**DATA SHOWN**
====

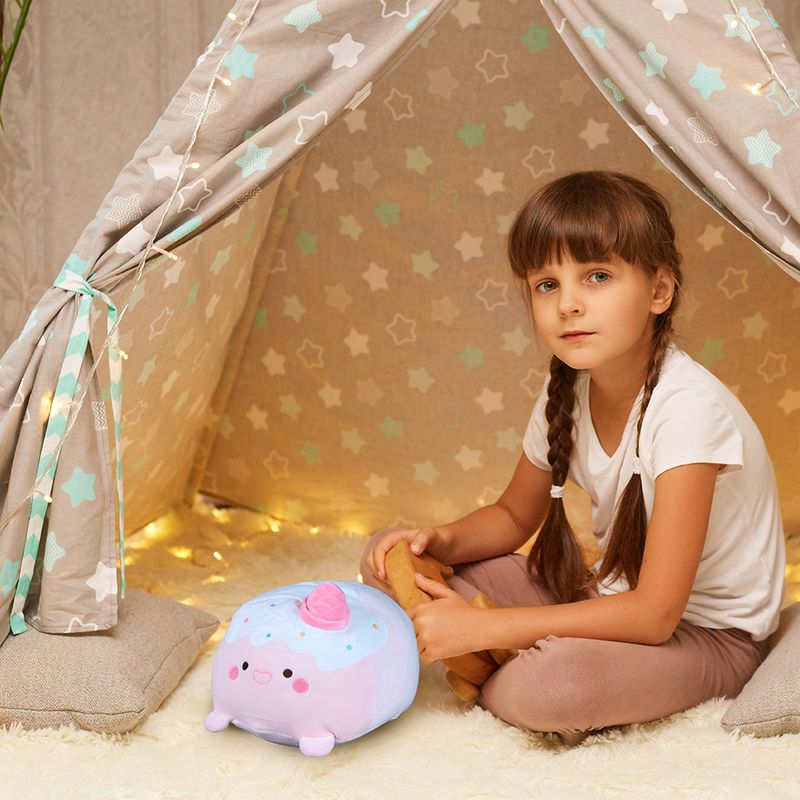 Peluche-Fresa-Con-Gorro-Rosa-30-8X24X17-4Cm-Miniso-7-5303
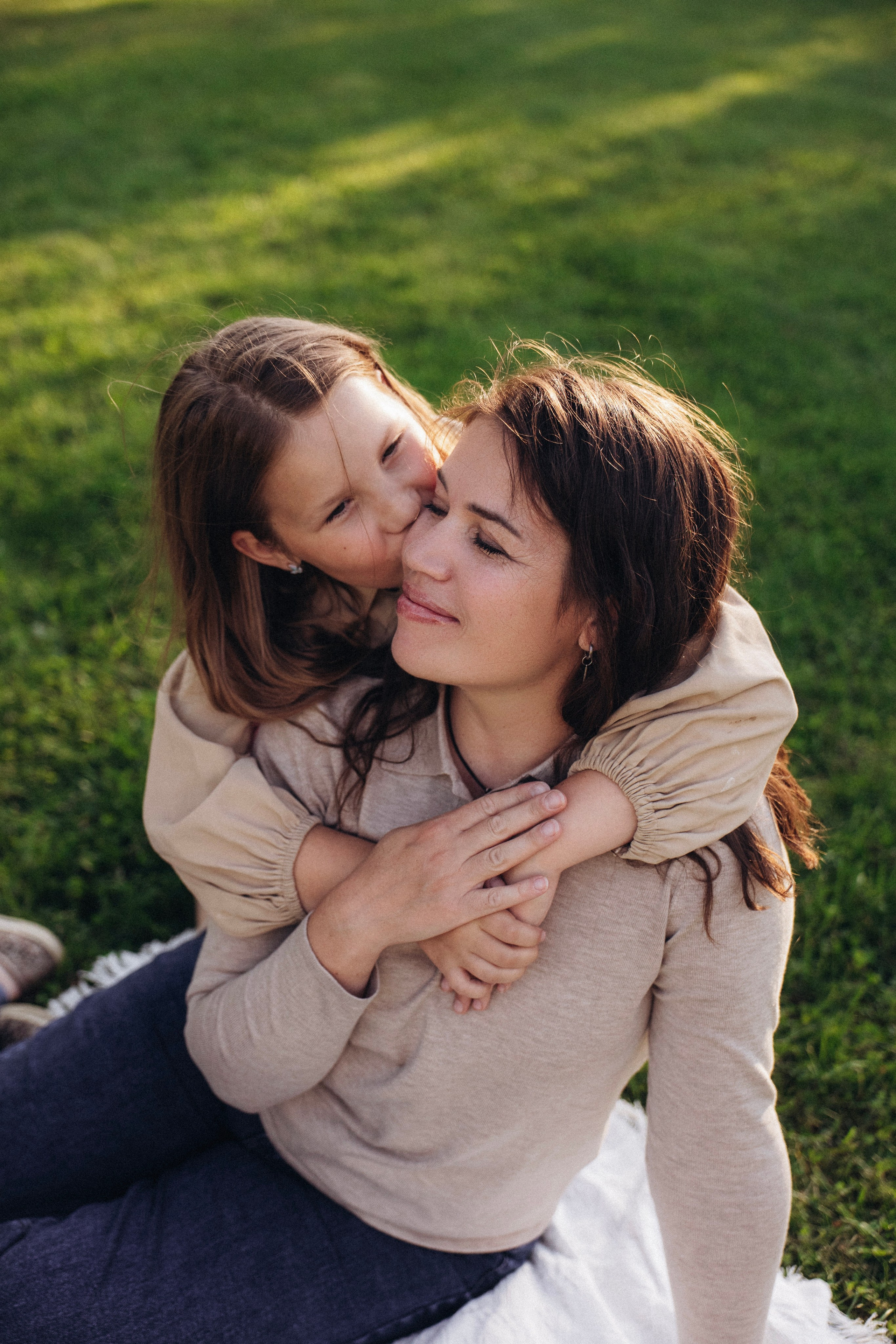 Про семью. Семейный фотограф в Москве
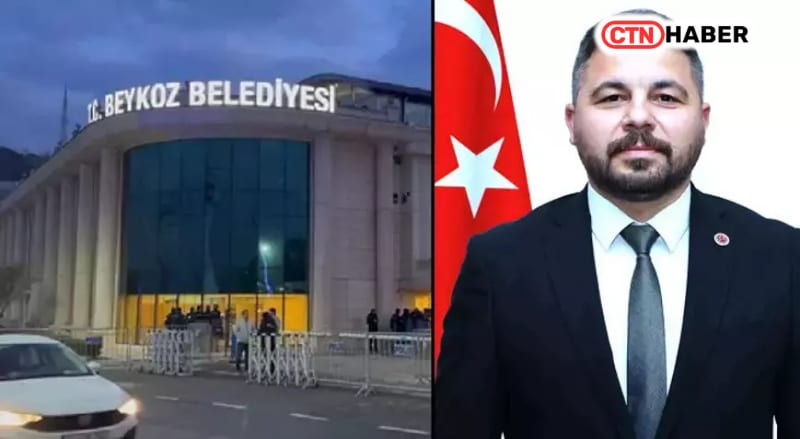 CHP Beykoz'da Peş Peşe İstifalar: Nevzat Cebeci, Murat Uzun ve Uğur Gökdemir Partiden Ayrıldı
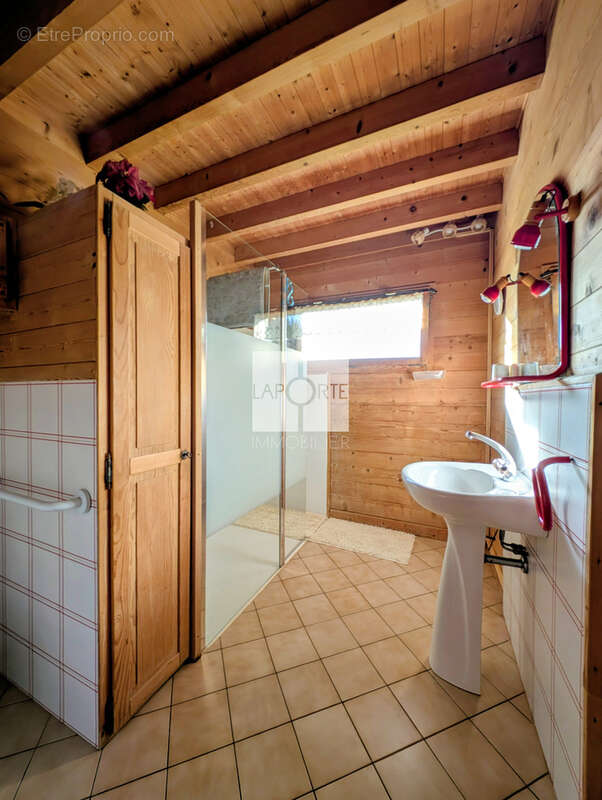Maison à LA CLUSAZ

====

**PROBLEM REQUIREMENTS**
Drop the images; restate the listing exactly.

**TASK SOLUTION**
 Peluche-Fresa-Con-Gorro-Rosa-30-8X24X17-4Cm-Miniso-7-5303
 Про семью. Семейный фотограф в Москве
 CHP Beykoz'da Peş Peşe İstifalar: Nevzat Cebeci, Murat Uzun ve Uğur Gökdemir Partiden Ayrıldı
Maison à LA CLUSAZ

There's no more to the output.